Critics of the recently scrapped federal privacy regulation for internet service providers (ISPs) argued that the rules were overreaching, and that broadband providers should be held to the same privacy framework as application and content providers.
The only catch is, they can't.
Terrell McSweeny, a commissioner at the Federal Trade Commission (FTC), laments that her agency lacks the same oversight authority over ISPs that it exerts in the general consumer internet space, where it has brought privacy cases against the likes of Google and Facebook.
"The [FTC] cannot fill that gap because it does not have jurisdiction over the security and privacy practices of broadband, cable and wireless carriers," McSweeny said. "So what we have at the moment, in my opinion, is the rapid implementation of a no-cops-on-the-beat approach to privacy and data security in which control over who gets our sensitive information rests in the hands of very few large companies, which are the gatekeepers for our connections to modern life."
An uneven playing field?
The FCC's privacy rules had required ISPs to secure permission from subscribers before sharing browsing histories and other potentially sensitive information with third parties.
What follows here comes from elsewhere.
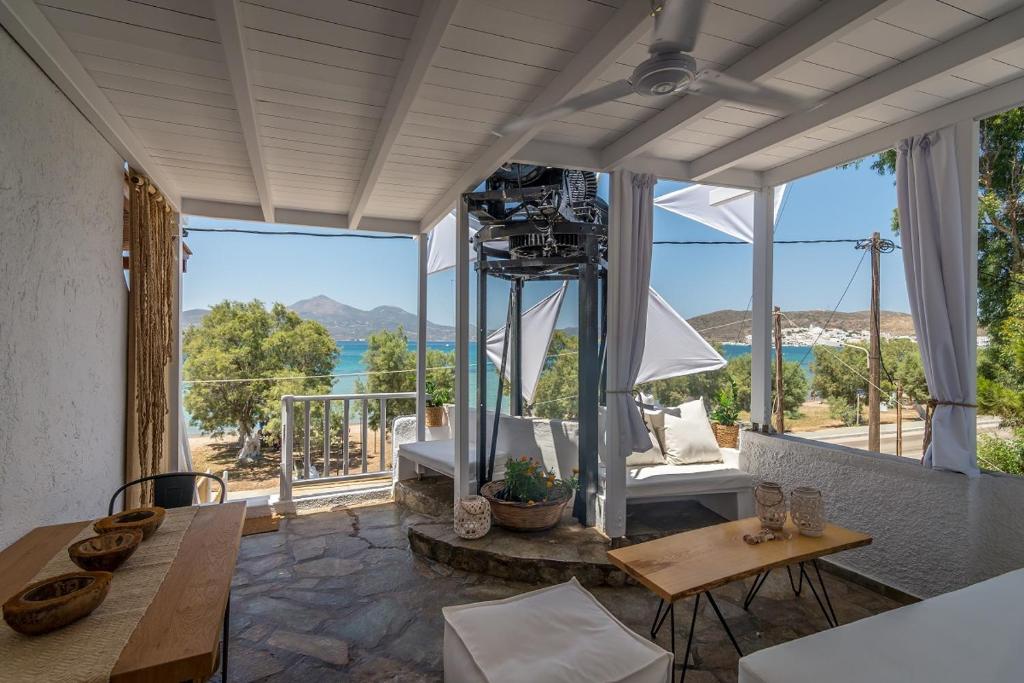 Papikinou Bay Suites -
Broadband providers and other critics complained that the regulation would subject the industry to stricter oversight than the Web firms they sometimes vie with for advertising revenue.
McSweeny is skeptical of that argument -- that the rules created an uneven playing field that put the Verizons of the world at an unfair disadvantage against the like of Google and Facebook, or the so-called edge providers.
"Right now the edge is under FTC jurisdiction, with requirements to follow our guidelines," she said. "Now the ISPs are under no requirements, so we've sort of doubled down on difference in the name of consistency, which I find inconsistent."
The path forward
The heads of the FCC and FTC, both opponents of the privacy regulation, have argued that the rule was fundamentally misguided, and that ISPs were never intending to sell users' Web histories for advertising dollars.
"That's simply not how online advertising works. And doing so would violate ISPs' privacy promises," FCC Chairman Ajit Pai and acting FTC Chairman Maureen Olhausen wrote in an op-ed in the Washington Post.
Pai and Olhausen argued that the FTC is the best positioned agency to enforce privacy complaints against broadband providers, citing its extensive enforcement history in that area in the general consumer space.
In 2015, as part of its push to enact net neutrality rules, the FCC asserted jurisdiction over the ISP space, effectively sidelining the FTC. Pai and Olhausen said that they are working to reverse that action, and aim to "restore the FTC's authority to police ISPs' privacy practices."
"We need to put the nation's most experienced and expert privacy cop back on the beat, and we need to end the uncertainty and confusion that was created in 2015 when the FCC intruded in this space," they said.
In the meantime, many states have been evaluating privacy regulations that could fill in the gap, while some members of the U.S. Congress have indicated that they plan to work toward privacy legislation at the federal level.